L’Américain Francis Fukuyama, qui a acquis une célébrité mondiale suite à la publication de son article The end of History? (La fin de l’histoire?) sur la suprématie des États-Unis sur le reste des pays et de la démocratie libérale sur les autres modèles étatiques, a changé d’avis et considère que le temps des succès de l’Occident est révolu.
« Nous ne pouvons pas exclure la possibilité que nous traversions des bouleversements politiques comparables à la chute du communisme », écrit le philosophe et politologue américain Francis Fukuyama dans son article intitulé America: the failed state (Amérique, l’État défaillant), paru dans le mensuel britannique Prospect.
Selon lui, l’ascension fulgurante de Donald Trump et l’essor du nationalisme en Europe sont loin d’être un hasard. C’est plutôt un signe de grands changements et ces derniers peuvent mettre un terme à tous les efforts entrepris par Washington depuis la fin de la Seconde Guerre mondiale.

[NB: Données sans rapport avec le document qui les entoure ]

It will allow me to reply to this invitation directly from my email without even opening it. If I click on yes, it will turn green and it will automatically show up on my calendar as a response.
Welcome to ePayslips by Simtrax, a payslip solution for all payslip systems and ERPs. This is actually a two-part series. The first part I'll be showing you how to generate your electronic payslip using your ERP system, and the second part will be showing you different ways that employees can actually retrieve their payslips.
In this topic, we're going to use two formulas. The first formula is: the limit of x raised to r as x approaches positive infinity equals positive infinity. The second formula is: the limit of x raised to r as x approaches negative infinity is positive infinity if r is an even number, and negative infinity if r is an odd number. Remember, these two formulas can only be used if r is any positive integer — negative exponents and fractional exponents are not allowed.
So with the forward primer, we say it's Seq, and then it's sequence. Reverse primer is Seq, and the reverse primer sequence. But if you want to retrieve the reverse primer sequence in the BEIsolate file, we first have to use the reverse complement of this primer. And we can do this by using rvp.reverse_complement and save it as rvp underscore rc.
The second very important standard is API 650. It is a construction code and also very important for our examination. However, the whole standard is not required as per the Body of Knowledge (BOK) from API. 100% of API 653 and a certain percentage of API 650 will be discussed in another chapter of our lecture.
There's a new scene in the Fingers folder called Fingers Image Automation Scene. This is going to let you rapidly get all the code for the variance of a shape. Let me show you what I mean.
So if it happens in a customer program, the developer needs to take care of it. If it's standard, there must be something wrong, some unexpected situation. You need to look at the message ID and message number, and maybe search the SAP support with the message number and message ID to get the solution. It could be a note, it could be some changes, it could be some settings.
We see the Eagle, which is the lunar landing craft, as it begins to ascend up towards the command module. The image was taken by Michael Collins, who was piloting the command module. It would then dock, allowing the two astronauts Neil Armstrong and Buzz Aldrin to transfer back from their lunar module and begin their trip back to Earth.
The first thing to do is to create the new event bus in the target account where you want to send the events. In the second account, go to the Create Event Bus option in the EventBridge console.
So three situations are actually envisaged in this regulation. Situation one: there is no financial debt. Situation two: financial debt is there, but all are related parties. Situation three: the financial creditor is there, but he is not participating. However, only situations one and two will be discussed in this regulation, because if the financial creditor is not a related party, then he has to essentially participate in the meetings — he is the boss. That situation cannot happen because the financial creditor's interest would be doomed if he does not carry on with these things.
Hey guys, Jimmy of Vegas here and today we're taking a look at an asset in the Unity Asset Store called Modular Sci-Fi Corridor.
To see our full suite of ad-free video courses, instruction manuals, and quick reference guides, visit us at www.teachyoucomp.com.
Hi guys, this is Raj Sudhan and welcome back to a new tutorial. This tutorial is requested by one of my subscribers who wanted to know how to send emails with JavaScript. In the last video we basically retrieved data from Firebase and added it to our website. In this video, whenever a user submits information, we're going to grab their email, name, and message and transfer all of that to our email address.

« Sous Barack Obama, la Chine est prête à arracher aux États-Unis sa place de leader en termes de valeur de son économie. La crise bancaire de 2008 a mis en doute l’autorité des élites qui ont créé ce système assez risqué. À en croire Bernie Sanders et Donald Trump, Hillary Clinton incarne la corruption. Le système politique américain est devenu en fait dysfonctionnel. Toutefois, les critiques n’ont pas correctement défini la source du problème », estime-t-il.
Francis Fukuyama considère que les problèmes des États-Unis ne sont pas tant extérieurs qu’intérieurs. Au lieu d’accomplir leur mission, les citoyens ont commencé à faire tout simplement de l’argent et bâtir leur carrière en se basant sur des intérêts purement matériels.
Dans un autre article publié en 2014 dans la revue Foreign Affairs America in Decay (l’Amérique en déclin), Fukuyama pointe que les spécialistes de l’administration publique ont noté une nette dégradation de la qualité du gouvernement américain depuis plusieurs générations.
« À bien des égards, la bureaucratie américaine s’est éloignée de l’idéal wébérien (en référence à l’économiste allemand Max Weber) d’une organisation de travail dynamique et efficace, lorsque les gens sont sélectionnés en fonction de leurs compétences et de leur niveau de connaissances », estime-t-il.
Dans ce même article, le philosophe met en relief la crise de la représentation du pouvoir aux États-Unis, en lequel les citoyens ordinaires n’ont pas seulement perdu confiance, mais qui estiment aussi que le gouvernement soi-disant démocratiquement élu ne prend plus en compte leurs intérêts et est sous le contrôle de différentes élites de l’ombre. Une administration publique inefficace, la lutte des élites, l’aspiration de la société à l’enrichissement et la crise du pouvoir font « reculer » l’Amérique, conclut le Francis Fukuyama.